But even if it is justified, the Ukrainian definition of victory remains extraordinarily ambitious. To put it bluntly: It is hard to imagine how Russia can meet any of these demands— territorial, financial, legal— so long as its current president remains in power. Remember, Vladimir Putin has put the destruction of Ukraine at the very center of his foreign and domestic policies, and at the heart of what he wants his legacy to be. Two days after the launch of the failed invasion of Kyiv, the Russian state-news agency accidentally published, and then retracted, an article prematurely declaring success. “Russia,” it declared, “is restoring its unity.” The dissolution of the USSR— the “tragedy of 1991, this terrible catastrophe in our history”— had been overcome. A “new era” had begun.
That original mission has already failed. There will be no such “new era.” The Soviet Union will not be revived. And when Russian elites finally realize that Putin’s imperial project was not just a failure for Putin personally but also a moral, political, and economic disaster for the entire country, themselves included, then his claim to be the legitimate ruler of Russia melts away. When I write that Americans and Europeans need to prepare for a Ukrainian victory, this is what I mean: We must expect that a Ukrainian victory, and certainly a victory in Ukraine’s understanding of the term, also brings about the end of Putin’s regime.
To be clear: This is not a prediction; it’s a warning. Many things about the current Russian political system are strange, and one of the strangest is the total absence of a mechanism for succession. Not only do we have no idea who would or could replace Putin; we have no idea who would or could choose that person. In the Soviet Union there was a Politburo, a group of people that could theoretically make such a decision, and very occasionally did. By contrast, there is no transition mechanism in Russia. There is no dauphin. Putin has refused even to allow Russians to contemplate an alternative to his seedy and corrupt brand of kleptocratic power. Nevertheless, I repeat: It is inconceivable that he can continue to rule if the centerpiece of his claim to legitimacy— his promise to put the Soviet Union back together again— proves not just impossible but laughable.

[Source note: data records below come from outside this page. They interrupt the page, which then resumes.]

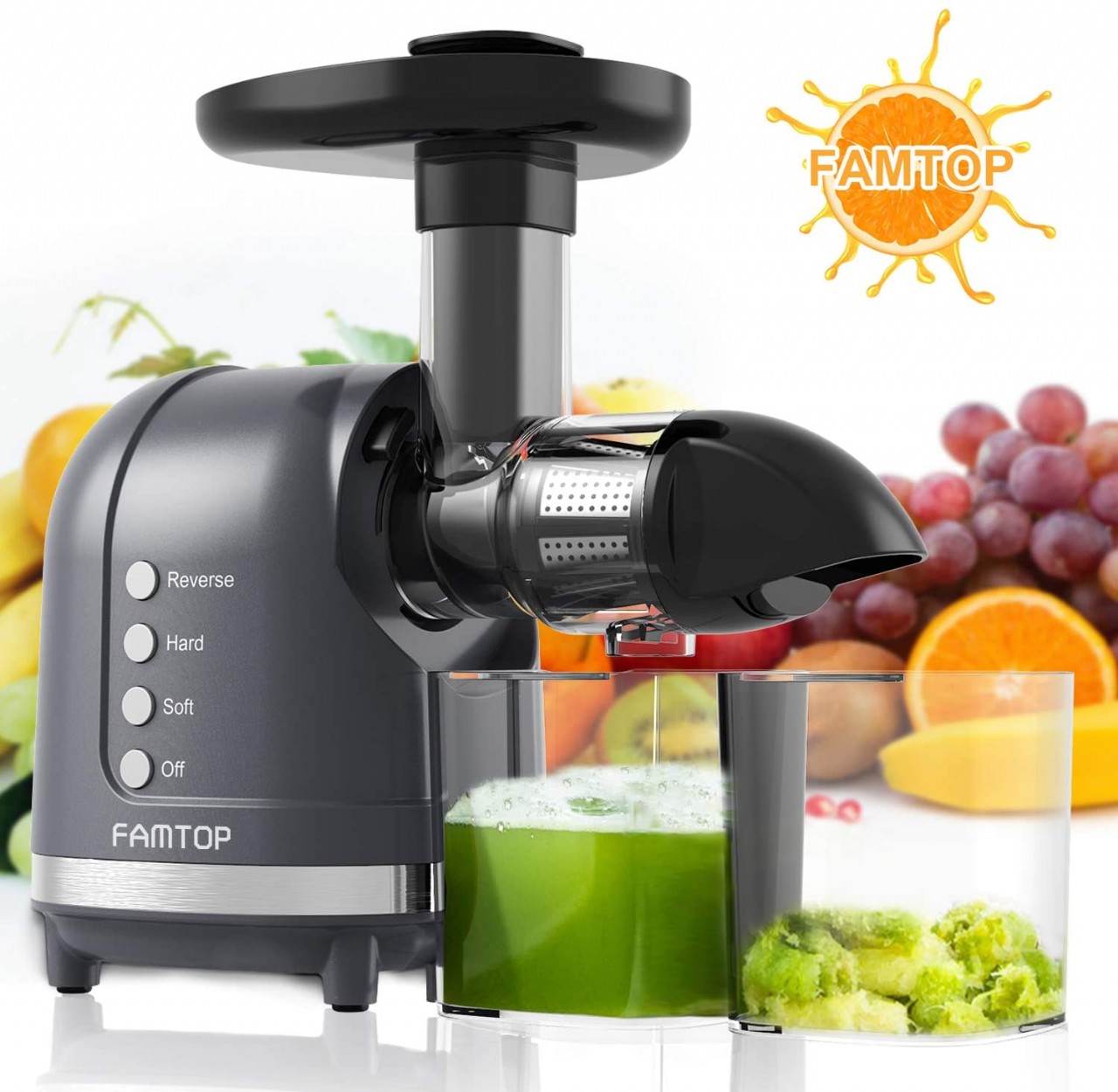 FAMTOP Slow Masticating Juicer Extractor with Reverse Function Quiet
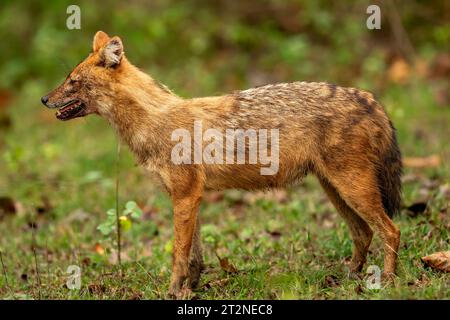 goldener Schakal oder Canis aureus Seitenprofil im natürlichen landschaftlich schönen grünen Hintergrund im Winter Morgensafari bandhavgarh Nationalpark Wald indien Stockfoto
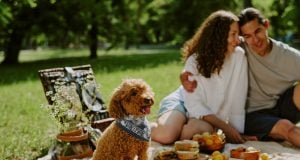 14 Tips for the Perfect Spring Picnic with Dogs Spring Picnic with Dogs Featured Image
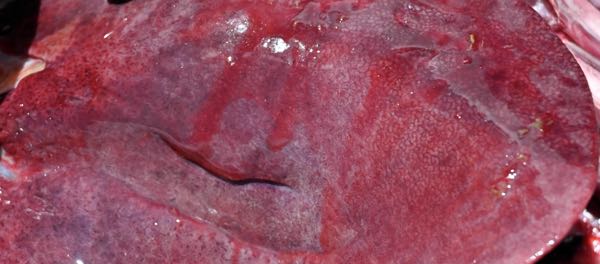 Image of ovine liver showing acinar haemorrhages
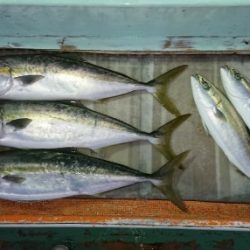 火遠理丸（ほおりまる） 釣果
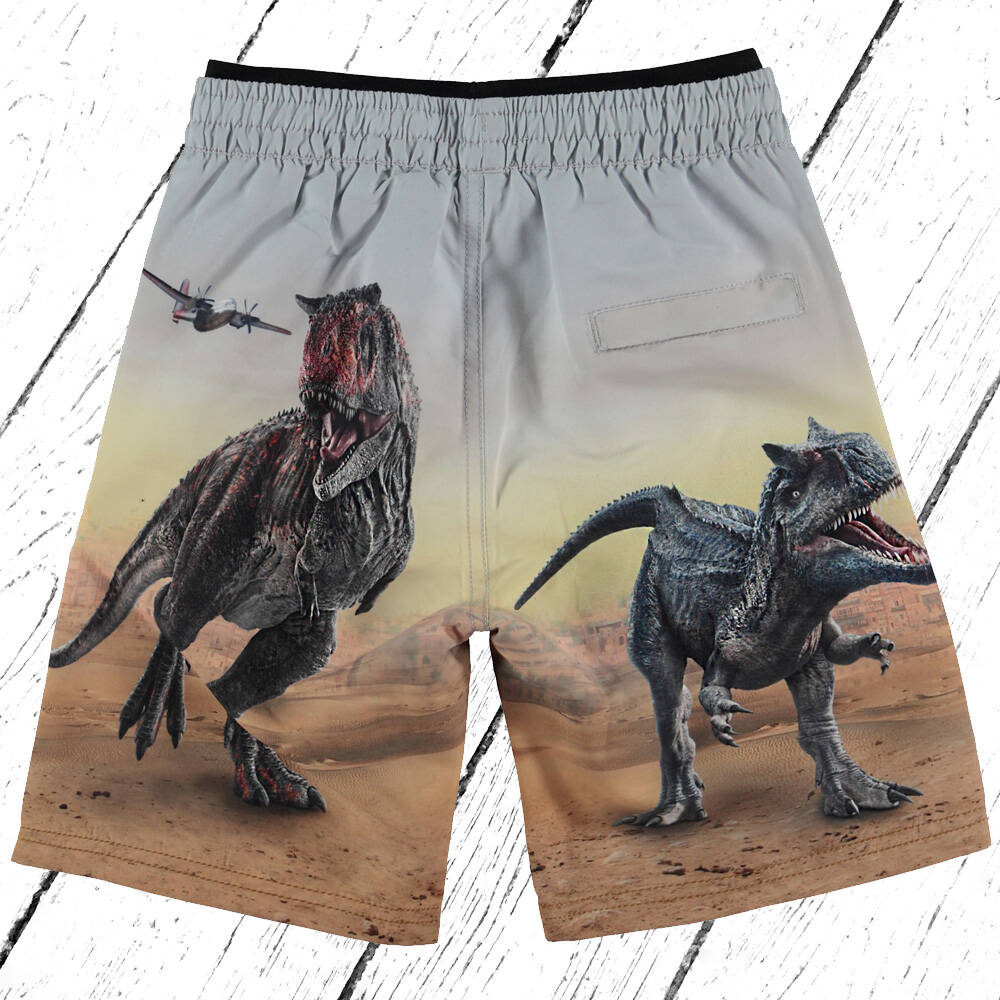 Molo Badehose Neal Dino Scenery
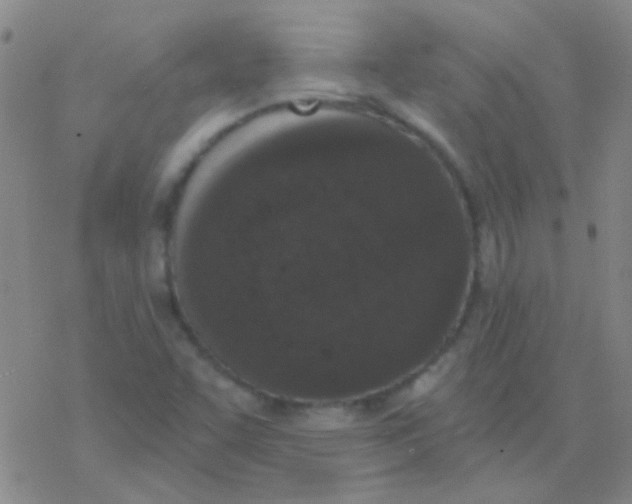 X0000076251455200610261928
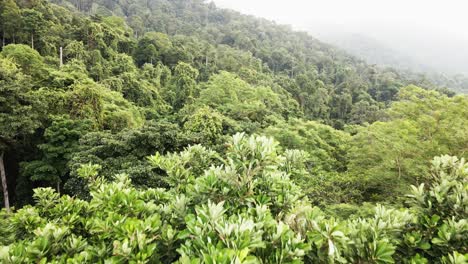 Aerial-of-rain-forest-in-South-East-Asia,-Wide-angle,-birds-eye-view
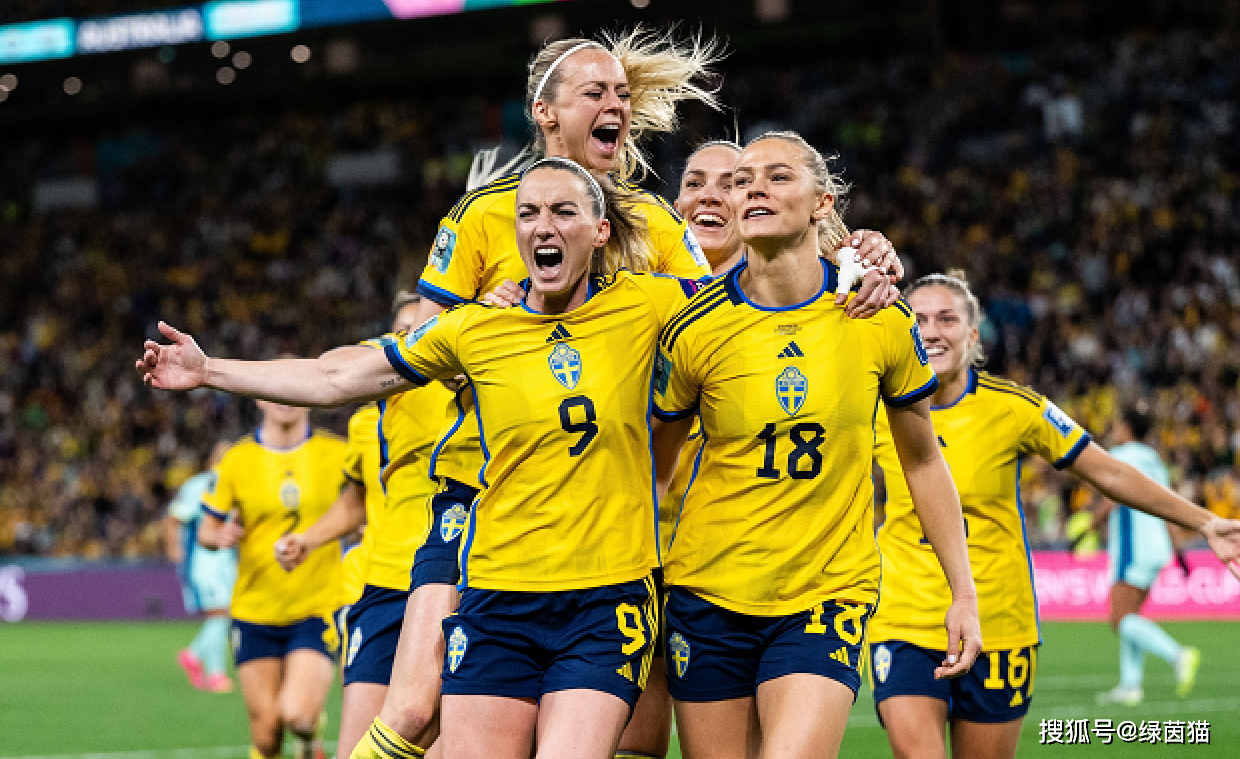 -瑞典苏醒斩获胜利，成功晋级的简单介绍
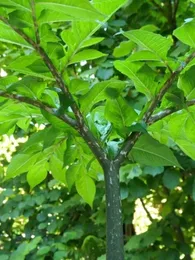 Konjac (Amorphophallus konjac) Plant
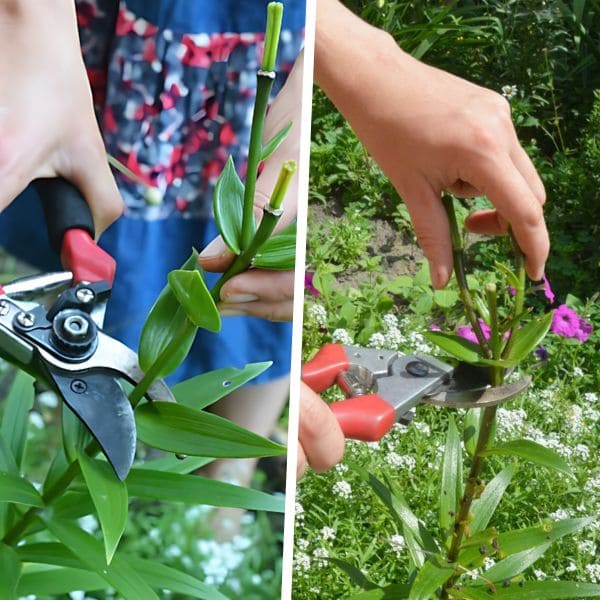 Pruning and Deadheading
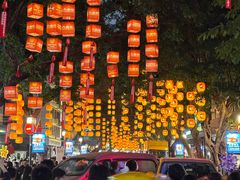 -越秀西湖花市(广州城市广场花卉店)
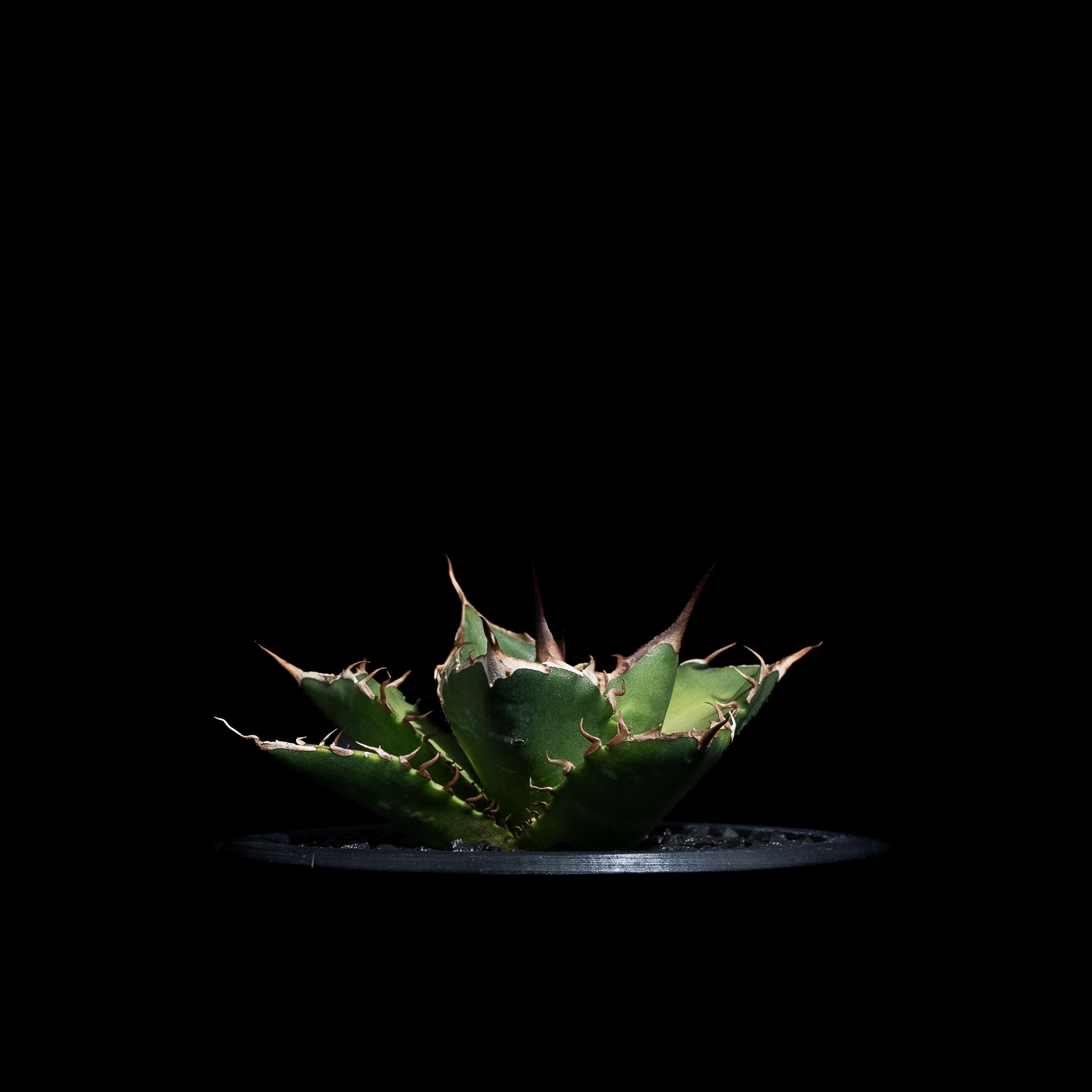 アガベ チタノタ 黒桃 (カキ仔) / Agave titanota 'Spade' #4 |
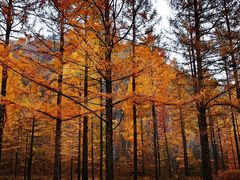 -塞罕坝国家级自然保护区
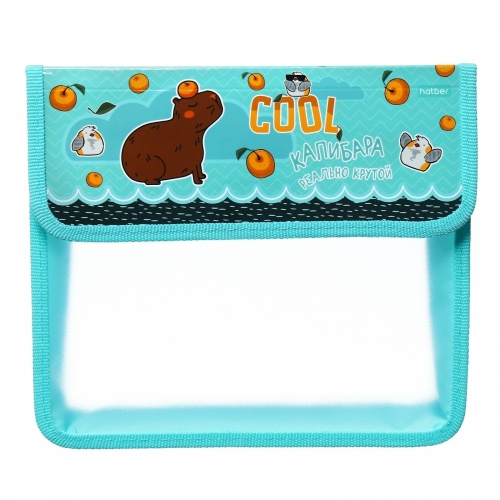 AMp_05048 Папка для тетрадей Пластиковая А5ф Hatber 1 отделение 240х205х40мм на липучке-Реально крутой Капибара-  в индив.упак.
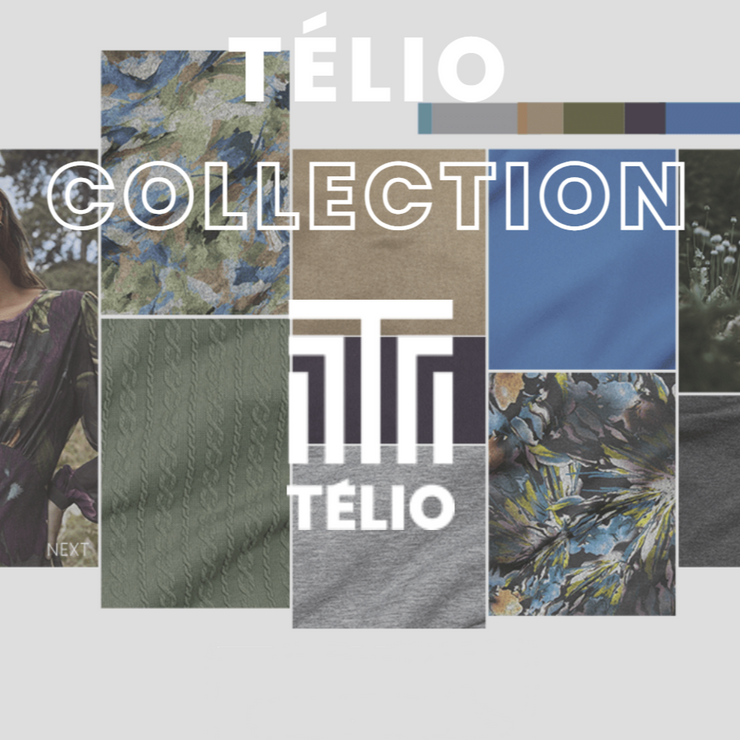 Telio networking event share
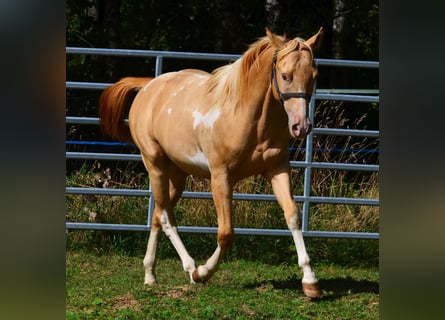 American Paint Horse, Gelding, 1 year, 15.1 hh, Pinto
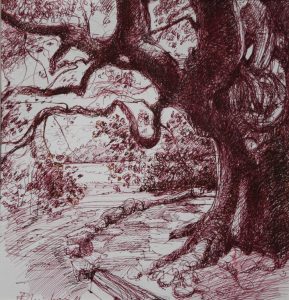 Leccio secolare - Piero Anichini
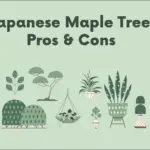 Japanese Maple Tree Pros & Cons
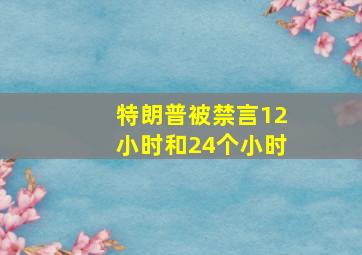 特朗普被禁言12小时和24个小时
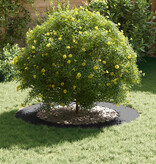 VidaXL Platte Boomringen 5 pcs Antraciet Ø60 / 90 cm Staal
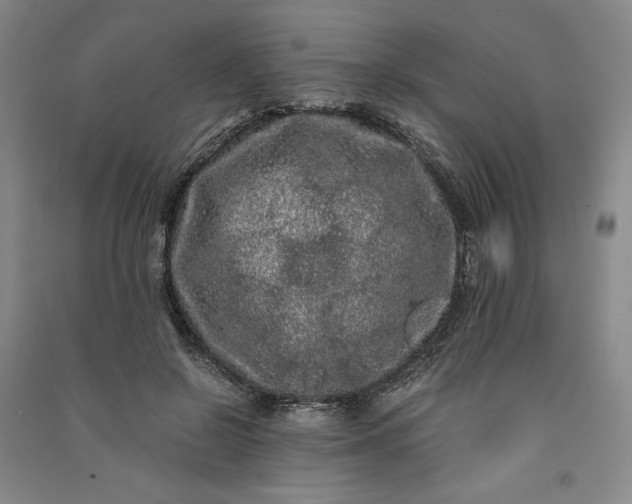 X0000091100550200708201523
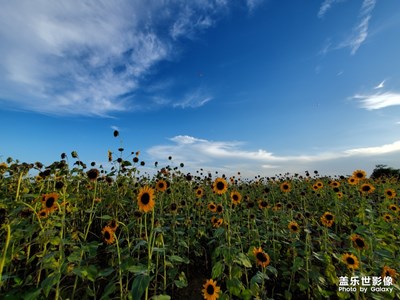 特地去看了向日葵，結(jié)果好小朵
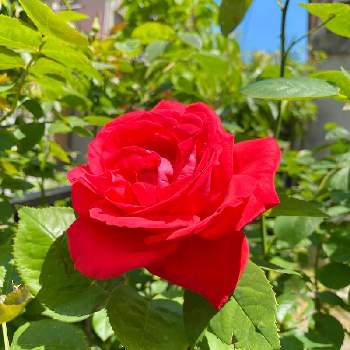 薔薇 ダブルノックアウト 赤の画像 by Kay_Tama-gsk さん | 小さな庭と薔薇 ダブルノックアウト 赤とカラフルと初夏の花たちと鮮やか と赤い花と真っ赤とKays_garden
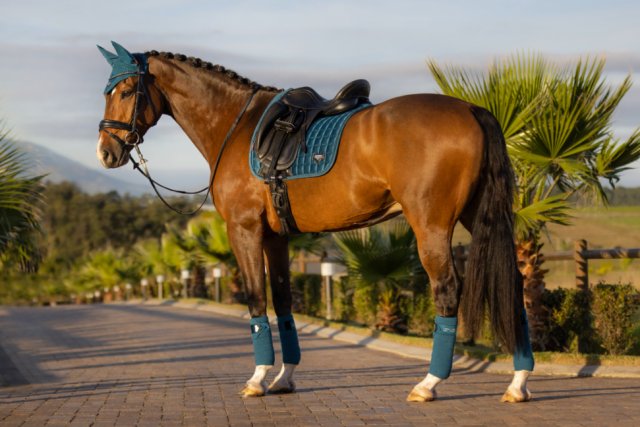 Lemieux - Tapis de dressage suèdine - Marine - Sellerie EHC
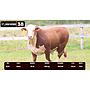 LOTE 38 - BRAFORD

To prepare for Putin’s exit does not mean that Americans, Europeans, or any outsiders intervene directly in the politics of Moscow. We have no tools that can affect the course of events in the Kremlin, and any effort to meddle would certainly backfire. But that doesn’t mean we should help him stay in power either. As Western heads of state, foreign ministers, and generals think about how to end this war, they should not try to preserve Putin’s view of himself or of the world, his backward-looking definition of Russian greatness. They should not be planning to negotiate on his terms at all, because they might be dealing with someone else altogether.
Even if they prove ephemeral, the events of the past few days do change the nature of this war. From the very beginning, everybody—Europeans, Americans, the global business community in particular—has wanted a return to stability. But the path to stability in Ukraine, long-lasting stability, has been hard to see. After all, any cease-fire imposed too early could be treated, by Moscow, as an opportunity to rearm. Any offer to negotiate could be understood, in Moscow, as a sign of weakness. But now is the time to ask about the stability of Russia itself and to factor that question into our plans. Russian soldiers are running away, ditching their equipment, asking to surrender. How long do we have to wait until the men in Putin’s inner circle do the same?
The possibility of instability in Russia, a nuclear power, terrifies many. But it may now be unavoidable. And if that’s what is coming, we should anticipate it, plan for it, think about the possibilities as well as the dangers. “We have learned not to be scared,” Reznikov told his Kyiv audience on Saturday. “Now we ask the rest of you not to be scared too.”